What Are Some Potential Business Implications of Improperly Obtained Intellectual Property Rights?
At the end of the day, potential investors want to have as much information as possible to make an informed assessment of the risk in their investment. Before any reasonable investor legally commits to invest money into a company, they will perform due diligence to properly understand exactly what the company is, how it operates and how it is organized. Often, investors will require companies to possess signed PIIAs containing required assignment provisions from every applicable employee and consultant as confirmation that the company owns the necessary intellectual property rights and related products. If such company has failed to obtain the right to use the third-party intellectual property necessary to operate the business, then such company’s likelihood of attracting investments will greatly diminish because the return on such an investment will be far more risky if the company may be forced by a third party to alter its operation strategy.

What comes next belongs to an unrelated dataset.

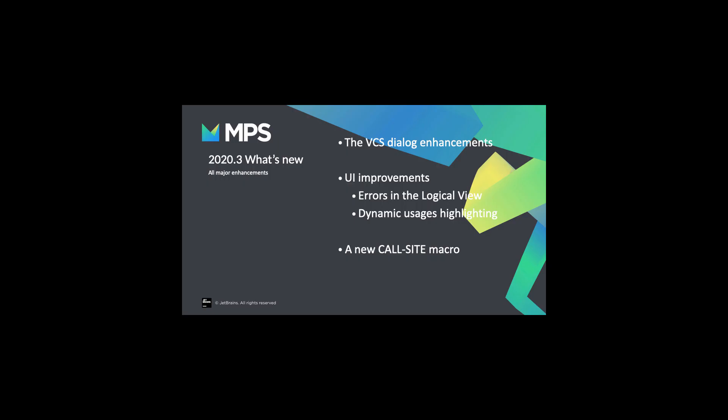Okay, that's it for today. I hope you enjoyed the video, and that you will enjoy the new release of MPS. Goodbye.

Investors similarly do not want to sink money into a company destined for a lawsuit. If a company uses third-party intellectual property without obtaining or retaining the rights to do so, such a company could be subject to a lawsuit from the third-party intellectual property owner. Such a lawsuit could force the company to spend time, money and other resources fighting this lawsuit, and the company could be impacted by large monetary fines or injunctions, all of which may inhibit the company’s growth and success.
Whether your company has experienced numerous rounds of venture capital financing or you just started your business last week with private funds, properly obtaining rights to the intellectual property your company uses is an important step to avoid a potential obstruction down the road. At a minimum, including the relevant rights provisions in agreements with third-party intellectual property owners and producers will place your company in a better, more organized position to freely evolve according to your vision and will help your company become a more desirable candidate for investment.